Opinia biegłego psychologa trafiła do gorzowskiej prokuratury i jest analizowana. Sprawa toczy się pod kątem fizycznego i psychicznego znęcania się. - Dzieci w swoich relacjach są wiarygodne- mówi Roman Witkowski, rzecznik gorzowskiej prokuratury. Posłuchaj:
Czy te zachowania wyczerpują znamiona przestępstwa? - to właśnie sprawdza prokurator.
Dotychczas przedszkolanka nie usłyszała zarzutów ani nie została przesłuchana. - Przesłuchanie uzależnione jest od tego w jakim charakterze miałaby by być przesłuchana. Prokurator będzie podejmował decyzję czy mogą być przedstawione tej osobie zarzuty i jakiego rodzaju - wyjaśnia Witkowski.

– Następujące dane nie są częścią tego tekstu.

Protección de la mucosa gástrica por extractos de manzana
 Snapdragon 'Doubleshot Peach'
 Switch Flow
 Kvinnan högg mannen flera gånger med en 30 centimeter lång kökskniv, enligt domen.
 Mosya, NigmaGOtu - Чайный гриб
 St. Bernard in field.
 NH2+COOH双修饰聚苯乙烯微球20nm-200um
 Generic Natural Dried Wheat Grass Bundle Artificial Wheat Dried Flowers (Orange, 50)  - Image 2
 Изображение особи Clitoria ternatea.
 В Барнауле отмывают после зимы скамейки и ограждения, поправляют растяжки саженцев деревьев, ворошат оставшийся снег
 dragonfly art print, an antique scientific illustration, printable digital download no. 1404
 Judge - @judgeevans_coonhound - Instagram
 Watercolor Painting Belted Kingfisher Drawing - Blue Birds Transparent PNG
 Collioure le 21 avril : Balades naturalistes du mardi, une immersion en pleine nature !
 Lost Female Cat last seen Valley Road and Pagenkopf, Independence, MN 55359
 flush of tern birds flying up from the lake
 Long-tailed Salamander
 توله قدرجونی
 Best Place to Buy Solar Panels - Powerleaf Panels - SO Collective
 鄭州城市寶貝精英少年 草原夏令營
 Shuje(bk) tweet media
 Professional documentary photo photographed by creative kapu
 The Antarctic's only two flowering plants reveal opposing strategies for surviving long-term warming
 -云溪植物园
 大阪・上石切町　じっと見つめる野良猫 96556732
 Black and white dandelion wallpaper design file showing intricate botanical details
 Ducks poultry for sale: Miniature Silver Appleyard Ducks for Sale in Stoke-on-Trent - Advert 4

Nauczycielka jest zawieszona w wykonywaniu obowiązków służbowych do czasu wyjaśnienia sprawy. Za znęcanie grozi kara od 3 miesięcy do 5 lat więzienia.
Przypomnijmy- w październiku ubiegłego roku w gorzowskim przedszkolu nr 17 według relacji rodziców, przedszkolanka miała szarpać, używać gróźb słownych, a nawet bić dzieci. Dyrektorka i jedna z mam zgłosiły sprawę do prokuratury.